Was Leon Cameron capable of driving the Ferrari?

It’s the metaphor that has haunted GWS coach Leon Cameron since it was first placed atop his head by Footy Classified host Craig Hutchison two years ago. He was given the keys to one of the most talented lists assembled in football history, but could he drive them to the Promised Land?

And over the past two years, as the so-called Ferrari crashed out of the finals too early, the question became more pressing. The pressure only built as it became obvious that there was not enough room in the back seat for all the superstars they had at their disposal. Adam Treloar, Taylor Adams, Dylan Shiel and Tom Scully all would be handy for the Giants for Saturday’s Grand Final; alas the salary cap constraints mostly forced their respective departures.

As recently as one month ago, the future of Leon Cameron was not necessarily in grave jeopardy, but it was not exactly rosy either.

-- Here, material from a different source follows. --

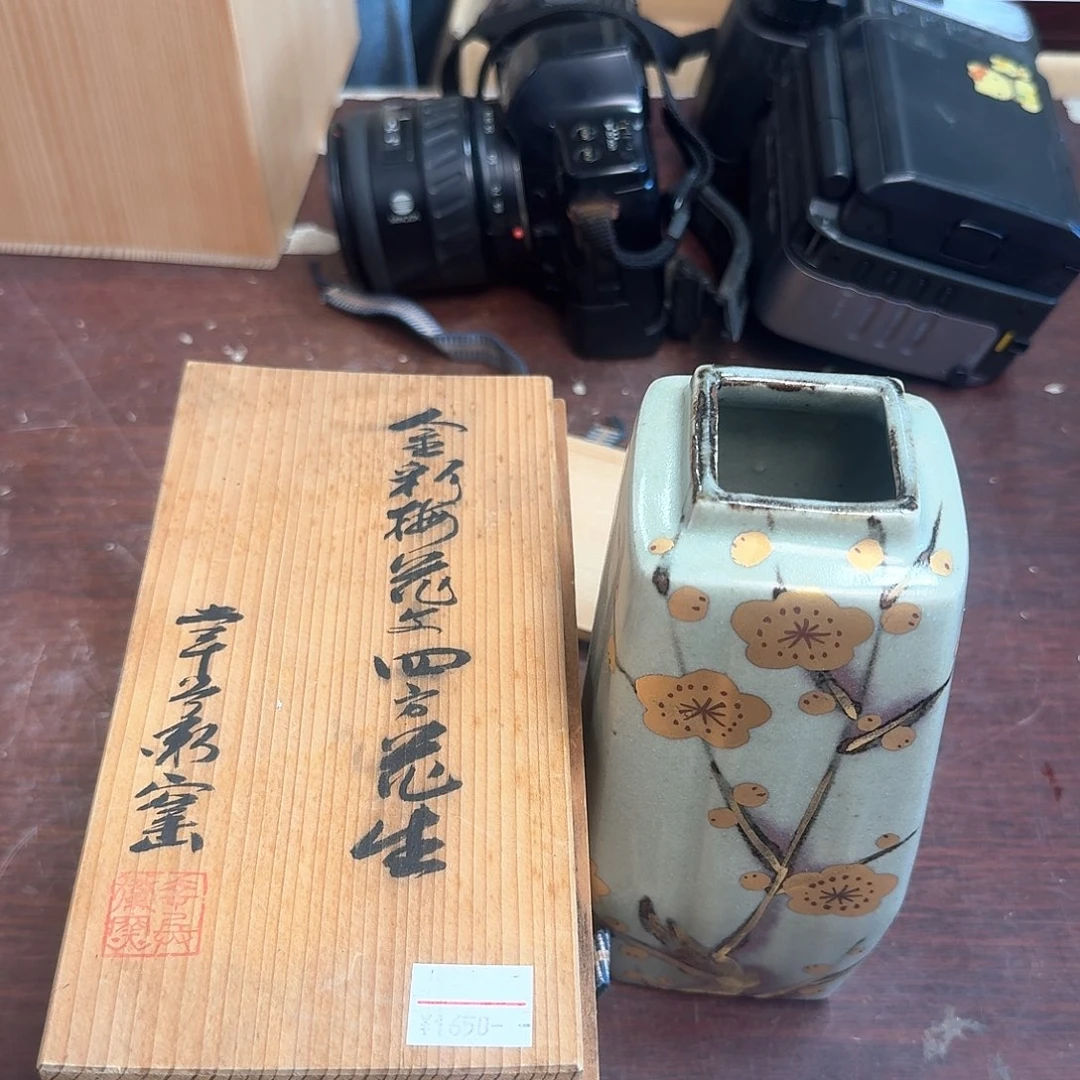 紫砂啦啦啦啦啦啦啦啦啦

Reports emerged that there were doubts about Cameron’s coaching abilities, not from inside GWS clubland, but from a more important – and worrying source for Cameron – AFL House. Indeed, questions and these aforementioned doubts were said to have been expressed by the AFL the last time Cameron was re-signed in mid-2017. While, this has been denied by the league, specifically by CEO Gillon McLachlan on radio, it is certainly the view of the Giants that the contract extension was not received favourably by headquarters. It is worth remembering that the considerable control that the AFL exerts on their financially dependent expansion clubs in GWS and the failing Gold Coast, as well as the debt riddled Port Adelaide and St Kilda.

But even those in GWS polos rather than AFL suits were not planning any statue unveilings for Leon Cameron a month back. Outspoken Giants CEO Dave Matthews said in August that the club was in “no rush” to open contract negotiations with Leon Cameron. When questioned on 3AW about whether the club would consider extending Cameron’s contract, Matthews’ response was “no, not at this stage.” Contextually, at season’s end, Cameron enters the now vulnerable, critical juncture of having one year left on his senior coaching contract. Like the new market of “pre-free agents”, this is the time in which decisions are now made on senior coaches. This is to avoid the year-long narrative that dominates any underperforming coach’s ‘sack-or-save’ final year on contract that crippled Alan Richardson and Brendon Bolton in 2019.

Just look at Fremantle with their brutal call on a contracted Ross Lyon or Essendon who got creative and established a succession plan to navigate John Worsfold’s inevitable exit. Whereas, an influential – and big name – North Melbourne figure’s calculated leak to the media saw Brad Scott’s future decided mid-year to beat the one-year-to-go-on-a-contract traffic and long line of job vacancies. On the flip side, Port Adelaide decided to unequivocally back the under-fire Ken Hinkley, a decision heavily forced by the club’s financial peril as much as anything.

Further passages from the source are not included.